D’où la nécessité de développer des mesures d’audience hybrides, mélangeant deux sources d’information pour en créer une troisième plus riche et plus précise. Ce que Médiamétrie commencé à faire dès 2010, en basant sa mesure de l’internet mobile sur les logs opérateurs exhaustifs et un panel de mobinautes. L’approche hybride a été ensuite appliquée à l’internet fixe en 2012 en croisant données de panel et résultats site-centric, puis à la TV avec les données des boxes de CanalSat en 2014. Et, en 2016, la mesure hybride a concerné l’audience de l’internet mobile selon le modèle de l’internet fixe et dans un proche avenir sera employée pour la mesure internet via tablettes.
Pour combiner panels et data, Aurélie Vanheuverzwyn, directrice des analyses et méthodes scientifiques explique qu’il existe deux approches : « soit la méthode dite Log Up, où la mesure repose principalement sur la donnée exhaustive, que l’on qualifie avec la donnée d’enquête ; soit la méthode Panel Up, où la data enrichit de façon cohérente les résultats d’enquête. Tout dépend des données à disposition et des besoins du marché », poursuit la directrice scientifique.
Cependant la montée en puissance des usages du multi-écrans -3,1 millions de personnes regardent la TV au quotidien sur un autre écran que celui du téléviseur- a déjà amené Médiamétrie à faire dialoguer les panels, à l’instar du travail mené sur la mesure d’audience TV 4 écrans, qui utilise d’une part les panels Médiamat, PaME (Google et Médiamétrie) et de Médiamétrie//NetRatings pour la vidéo et d’autre part la mesure eStat’Streaming.

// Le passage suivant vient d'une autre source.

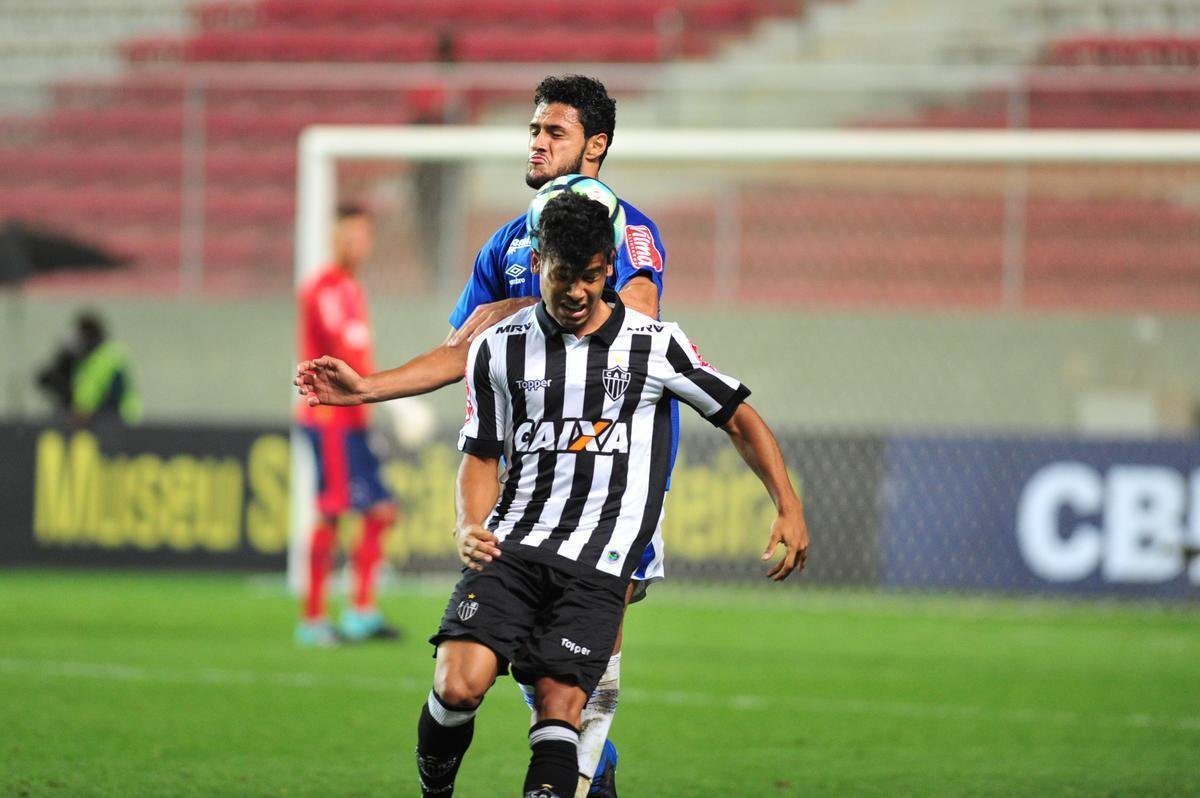 Cruzeiro vence Atltico por 4 a 2 nos pnaltis e conquista a Supercopa Sub-20, no Independncia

Ce dispositif opérationnel pourrait préfigurer la future mesure de l’audience. Face aux évolutions en cours – mobilité devenant prépondérante, fragmentation des audiences, augmentation du délinéaire dans la consommation des programmes et du nombre de cibles avec le programmatique-, Médiamétrie travaille à la mise en place d’une plate-forme globale où panels et data communiqueraient pour une unique mesure globale TV et Internet. « C’est encore au stade de concept », nuance Aurélie Vanheuverzwyn. Avec néanmoins l’année 2020 comme objectif affiché.
Didier Si Ammour
(1)L’étude Home Devices recense les équipements multimédias des foyers et individus en France. Plus de 50 produits technologiques appartenant aux 4 univers clés (Audiovisuel, informatique, téléphonie et accès à internet) sont recensés. La nouvelle méthodologie permet un recueil précis et optimisé des équipements : 40 000 interviews sont menées chaque année réparties par téléphone et par internet
(2)Complémentaire de l'enquête 126 000 Radio, le Panel Radio permet de connaître en profondeur les comportements et les habitudes d'écoute de la population sur trois semaines consécutives. L’objectif du Panel Radio est de mieux comprendre les comportements des auditeurs sur une période longue (duplications entre stations, transferts d’une station à l’autre, renouvellement et fidélité de l’auditoire...) et d’alimenter les modèles de média-planning.